§ What needs to be done: The task calls for each record to be given again exactly.

Records for this exercise section start

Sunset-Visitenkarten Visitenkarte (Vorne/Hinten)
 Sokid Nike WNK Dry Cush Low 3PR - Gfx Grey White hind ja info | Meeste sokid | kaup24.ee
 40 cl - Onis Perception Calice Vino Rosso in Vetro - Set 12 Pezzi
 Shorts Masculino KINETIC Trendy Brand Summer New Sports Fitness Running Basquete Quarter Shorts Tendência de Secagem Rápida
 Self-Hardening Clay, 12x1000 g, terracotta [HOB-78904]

Records for this exercise section end

§ Solution for this task:
Sunset-Visitenkarten Visitenkarte (Vorne/Hinten)
 Sokid Nike WNK Dry Cush Low 3PR - Gfx Grey White hind ja info | Meeste sokid | kaup24.ee
 40 cl - Onis Perception Calice Vino Rosso in Vetro - Set 12 Pezzi
 Shorts Masculino KINETIC Trendy Brand Summer New Sports Fitness Running Basquete Quarter Shorts Tendência de Secagem Rápida
 Self-Hardening Clay, 12x1000 g, terracotta [HOB-78904]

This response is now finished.